Karamanli's works include both original miniatures and embellishments of calligraphy. In the Turkish art scene, Karamanli is known as a "Muzehibe" - the title for artists who focus primarily in the "Tezhip" art form.
"[Tezhip] has been taught in the Topkapi Palace continuously for five hundred years," Art and Art History Professor Eva Hoffman said. "It is a very specialized enterprise."
After arriving in America eight years ago, Karamanli said that she typically works either for patrons of calligraphers or calligraphers themselves. "People buy calligraphy and want me to embellish it," she said. "I work for a commission."
Karamanli said that, although the vast majority of calligraphers are male, more and more Muzehibes are women.
"Maybe in the future we'll take over [calligraphy]," she joked.
Sixteen of Karamanli's pieces were displayed around the room, most of which are clearly influenced by Islam, though some portray Turkish-influenced depictions of dragons.
Karamanli said that during the modernization of Turkey, Tezhip was "almost completely wiped out."
Within the Topkapi Palace, however, the tradition was kept alive and allowed for an eventual resurgence of the art form throughout Turkey.
"I'm glad that it isn't a dying art in Turkey," she said. "I'm enjoying keeping the tradition alive."
Some of her works, whether embellishments or miniatures, were pictorial expressions of Koranic verses. For example, one piece used the opening verse of the Koran, the Bismillah, and crafted it into the shape of a bird.

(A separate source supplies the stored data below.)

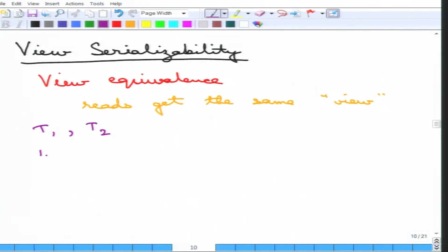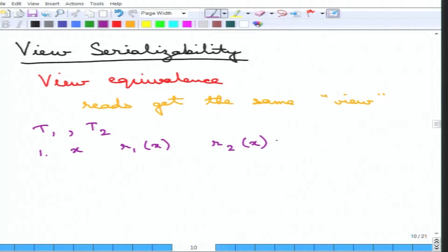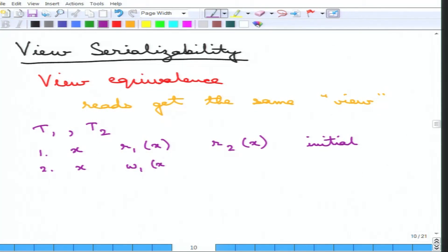For each data item X, if transaction T1 reads X and transaction T2 reads X, they read the same value of X — the same initial value. This defines the initial value condition: the same initial value of X is being read by both transactions. That is condition number 1. Condition number 2: the final write — the value that X is written to by transaction 1 and the final write by transaction 2 must also be the same.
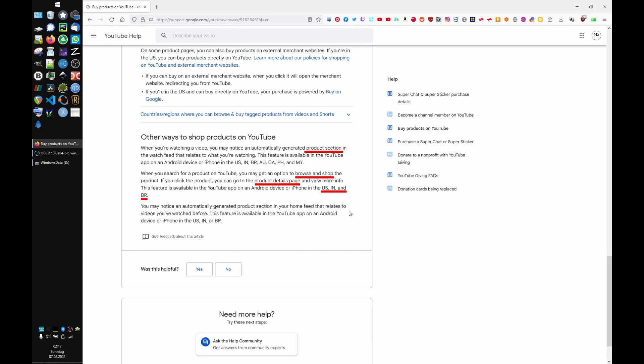Key point: this function is only available in the US, India, and Brazil, which explains why as a European I have never heard of it.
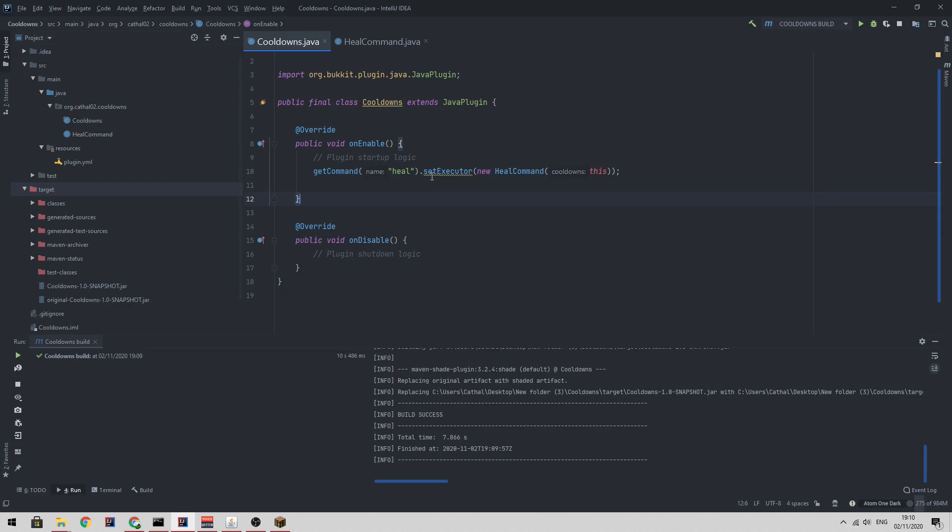Hey guys and welcome back to another video. Today we're going to be looking at cooldowns. You most likely know what a cooldown is, but if you don't, let's say you have a player and you want them to be able to use a command once every 30 or 60 seconds, then you would use a cooldown.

Other works portrayed dragons, which Karamanli said are often seen as heroes' adversaries in Western cultures. In Turkish and Ottoman culture, dragons are seen as good luck. According to Karamanli, some people believe that if they purchase artwork of eyeless dragons and then draw in the eyes themselves, a wish may be granted. Another one of Karamanli's pieces featured was the Tale of the Nightingale and the White Rose - a set of two pictures which, Karamanli said, showed a nightingale that loved a rose so much, it sang to the flower until it was poked in the heart by the rose's thorn. The nightingale's blood then stained the rose red.
"[This is] why the red rose symbolizes love," Karamanli said.
She also presented the audience with two Shamas, or flower-like images. Karamanli said that while one of them had a small empty space in the middle, it was drawn in the traditionally correct way. The second image had no empty spaces.
Karamanli said she was inspired to draw the second one this way because she was pregnant at the time and wanted to incorporate her own personal feelings into the work.
Toward the conclusion of her presentation, Karamanli said that she would like to create exhibitions involving flowers in the future. "We have to get a more personal connection with nature," she said. "Otherwise, there will be no hesitation to destroy it."
Approximately 30 students and professors attended Karamanli's presentation in the Koppelman Gallery.
Karamanli's most recent exhibitions include 2004 shows at Brandeis University, Colgate University, and at the Anne C. Fisher Gallery in Washington, D.C.